We've all got our own quirks when it comes to dealing with money, but a recent study suggests your personality has a great deal to do with how you handle your finances — and the type and frequency of investing mistakes you make.
In a nationwide survey, Merrill Lynch Investment Managers found that for most people, the biggest and most painful mistake when it comes to investing was waiting too long to start. The second most commonly cited error was holding on to losing investments. Others included not setting aside enough money for investing and not cashing in on winners.
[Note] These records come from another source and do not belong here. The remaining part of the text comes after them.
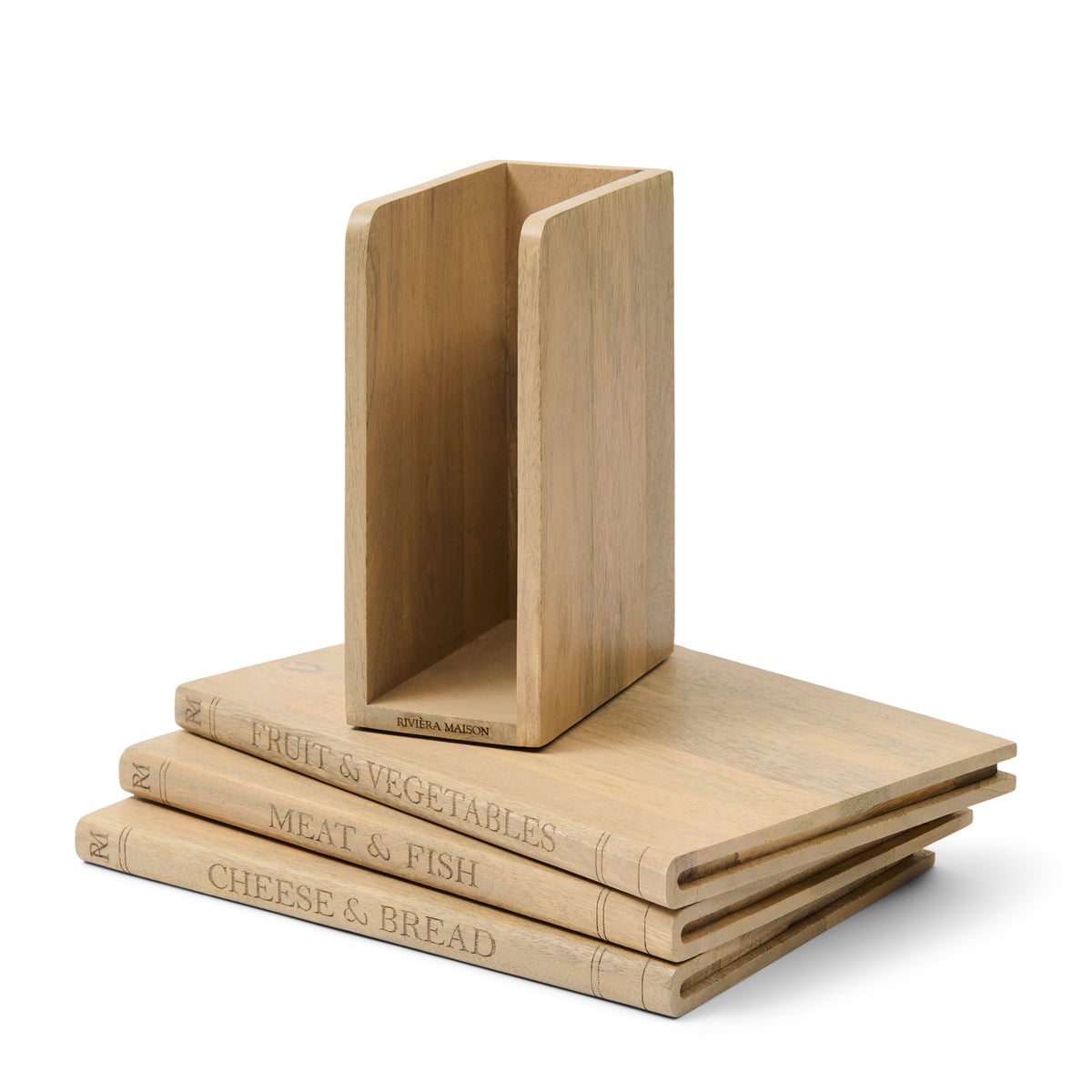 RM Book Chopping Board set of 3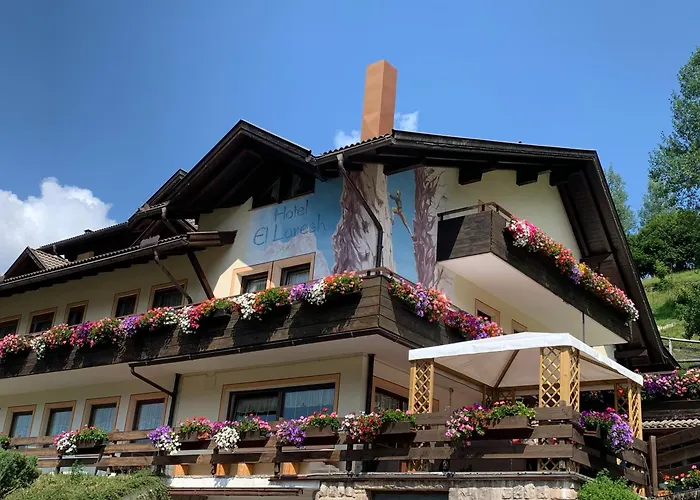 Hotel El Laresh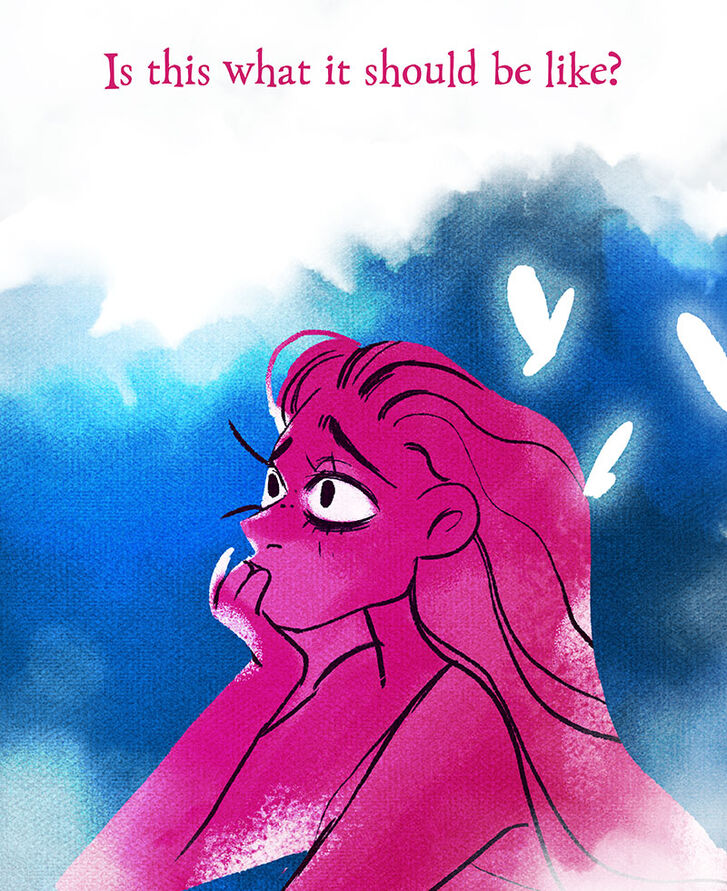 Read Lore Olympus Manga Online
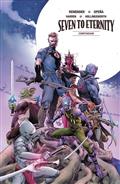 Seven To Eternity Compendium TP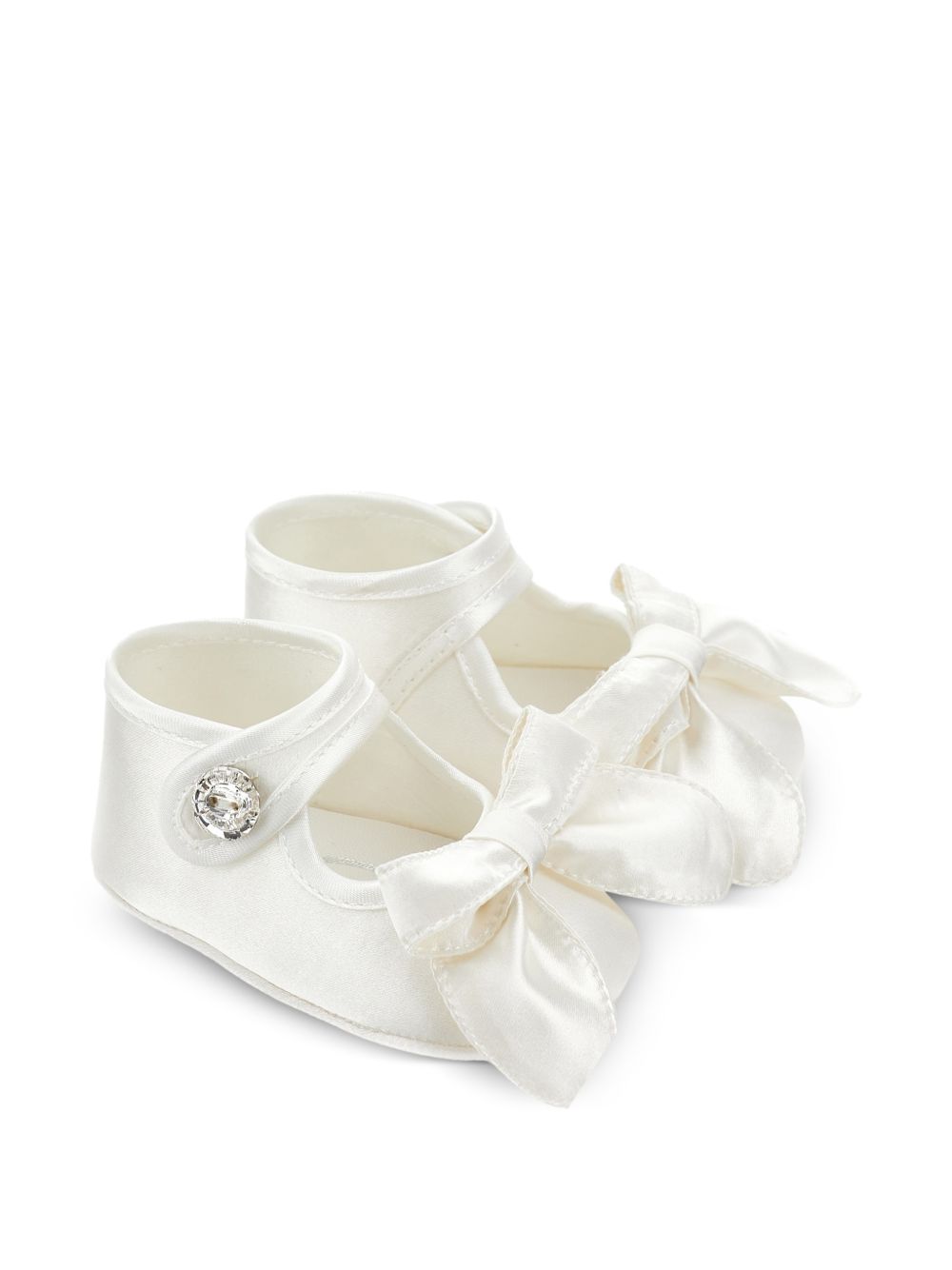 Ballerina per neonata Monnalisa con fiocco - Ninna Nanna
Interestingly, financial advisers surveyed by Merrill had a different perspective on client mistakes, reporting that a failure to observe basic investing fundamentals, such as asset allocation or regular rebalancing, was the most common error. For the investors who participated in the telephone survey, which focused on those with annual incomes and investable assets of at least $75,000, such big-picture factors were far down the list. Yet it's these kinds of "systemic failures" that do the most damage to portfolios over the long run, said Robert Doll, chief investment officer of Merrill Lynch Investment Managers.
"At the end of the day, they tend to be one and same," Doll said. "An individual doesn't look at 'I held onto my losing stock or fund too long' as 'I didn't rebalance.' But when you think about it, they're kind of one and the same mistake. They're manifestations of the same problem: the absence of discipline."